Please write out only the lines from the line with "Photos - Door" to the line with "Modern house with", inclusive, exactly as they stand below, without the pictures.
:: Records supplied
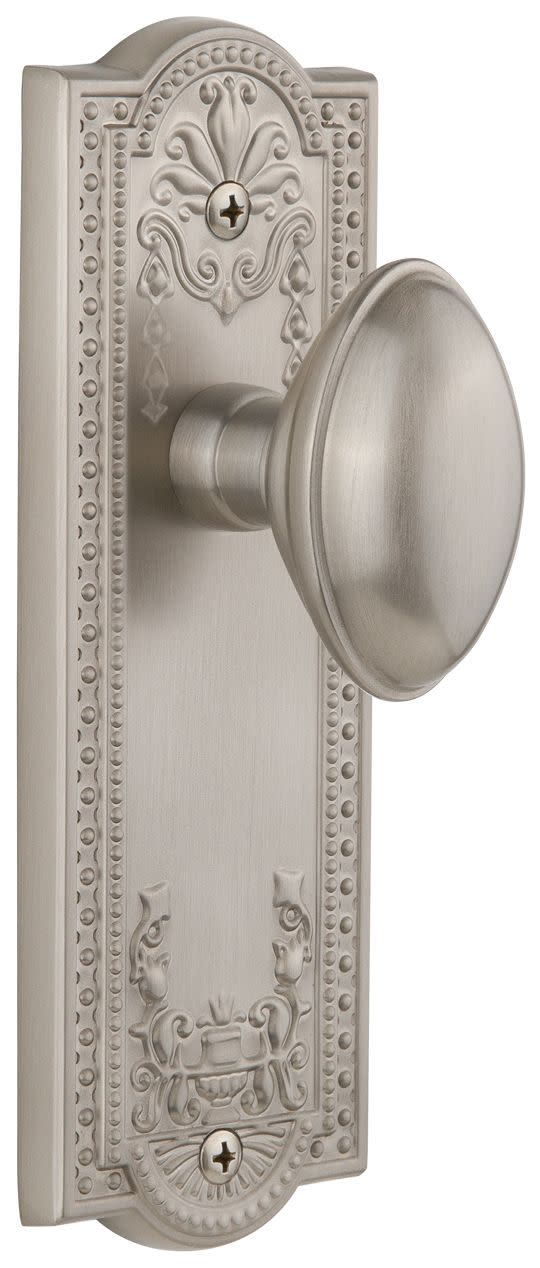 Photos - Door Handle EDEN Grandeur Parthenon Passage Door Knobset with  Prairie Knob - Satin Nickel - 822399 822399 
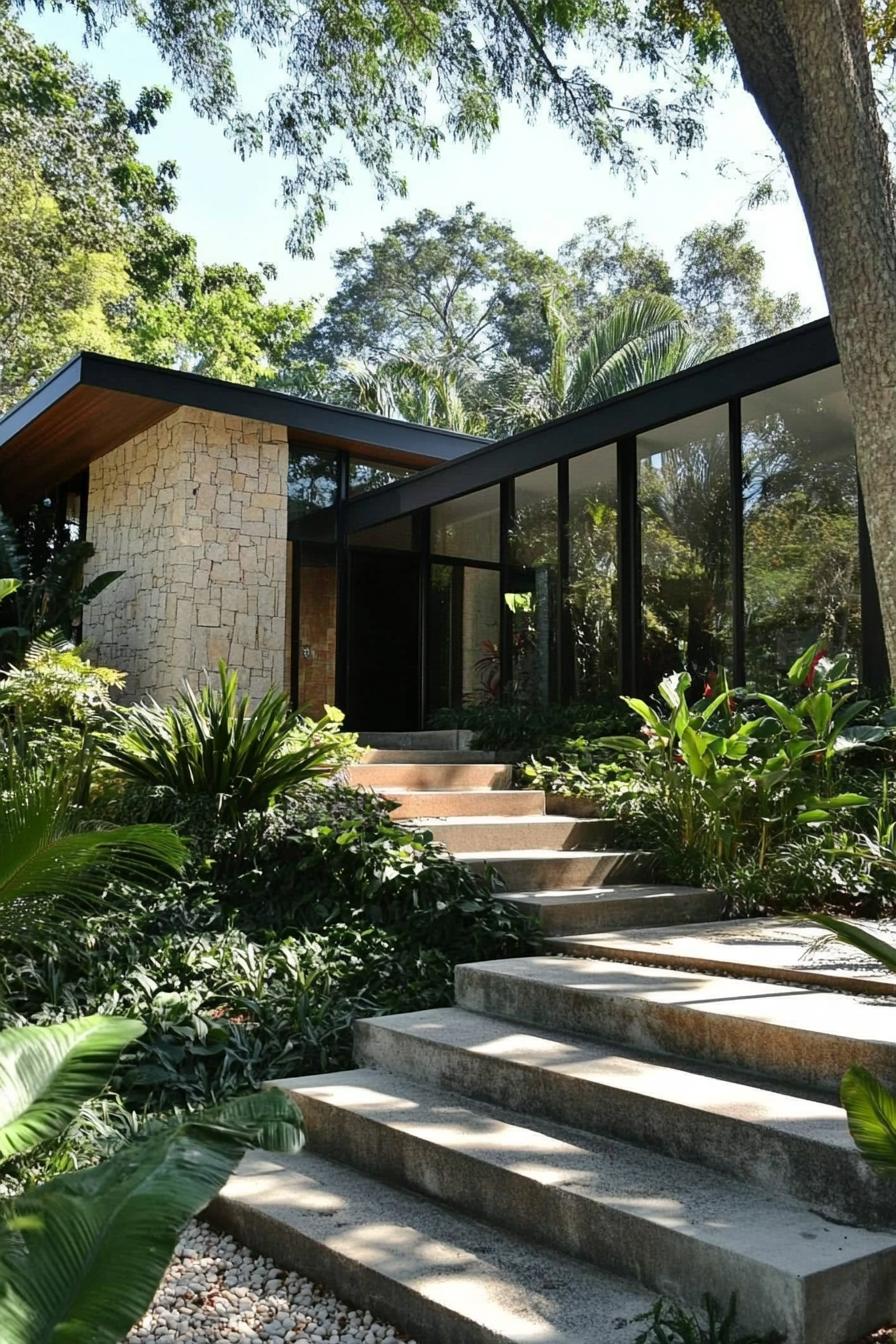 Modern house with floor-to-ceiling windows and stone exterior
::::
:: Records supplied
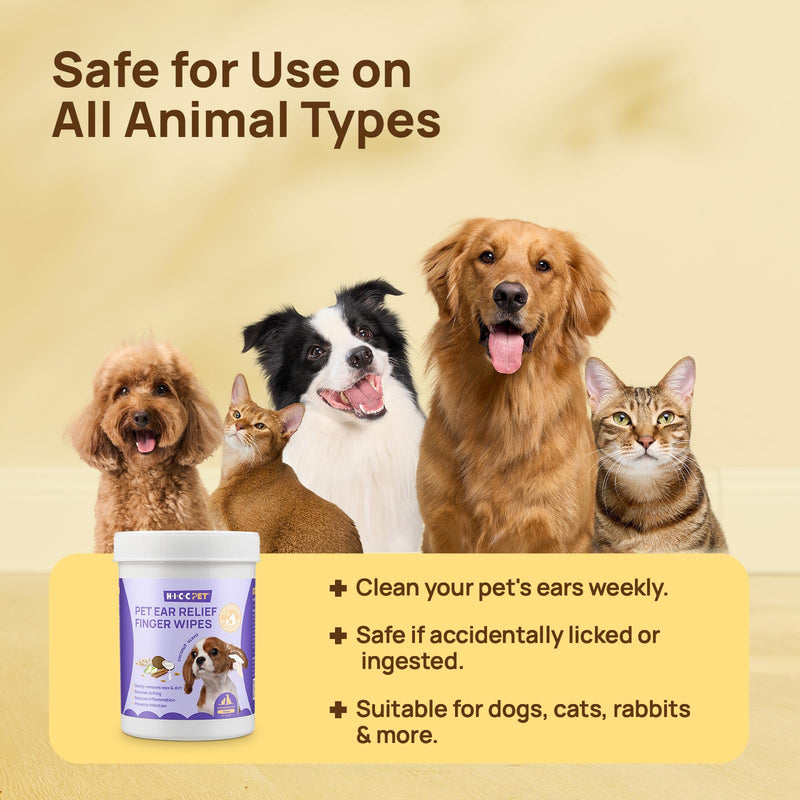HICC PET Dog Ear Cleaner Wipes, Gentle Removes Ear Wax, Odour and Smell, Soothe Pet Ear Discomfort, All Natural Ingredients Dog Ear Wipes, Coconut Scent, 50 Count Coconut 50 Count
::::
### Solution to this problem
 Photos - Door Handle EDEN Grandeur Parthenon Passage Door Knobset with  Prairie Knob - Satin Nickel - 822399 822399 
 Modern house with floor-to-ceiling windows and stone exterior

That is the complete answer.